Here's the design I was talking about... here

I think it goes well with the fact that February is considered "Black History Month".


This is the first one I did:
With 5 of the most influential "Africans" of our time - in my opinion. Malcom X, Barack Obama, Dr Martin Luther King jr., Nelson Mandela and Steve Biko. All feeling good to be African! LOL!

The background and inspiration behind this creation, is a speech/peom by former State President (then Deputy President) Mr. Thabo Mbeki titled, I Am an African. Which he delivered on the occasion of the adoption by the constitutional assembly of "The Republic of South Africa Constitution Bill 1996." Delivered in Cape Town on 8 May 1996.


Followed by this one. Didn't actually plan on having two. I just wanted one.
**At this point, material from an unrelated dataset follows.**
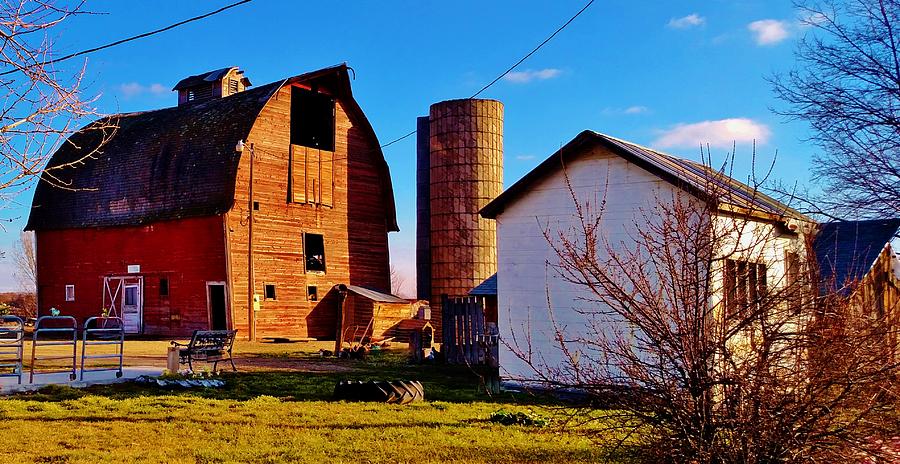 Amish Dairy Farm Photograph By Peggy Leyva Conley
But I thought it made more sense to only have African-Americans this time around.

Excerpts from the poem:

Together with the best in the world, we too are prone to pettiness, petulance, selfishness and shortsightedness.
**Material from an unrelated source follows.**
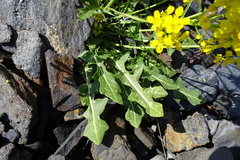 Brassica repanda cadevallii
But it seems to have happened that we looked at ourselves and said the time had come that we make a super-human effort to be other than human, to respond to the all to create for ourselves a glorious future, to remind ourselves of the Latin saying: Gloria est consequenda - Glory must be sought after!

Today it feels good to be an African.

It feels good that I can stand here as a South African and as a foot soldier of a titanic African army...

//get it here//

To me this speech encomasses everything that makes us African. Everything. From what makes us African to our beautiful vista all over the continent.

It makes me feel proud to be an African.

So yes, today it does feel good to be an African.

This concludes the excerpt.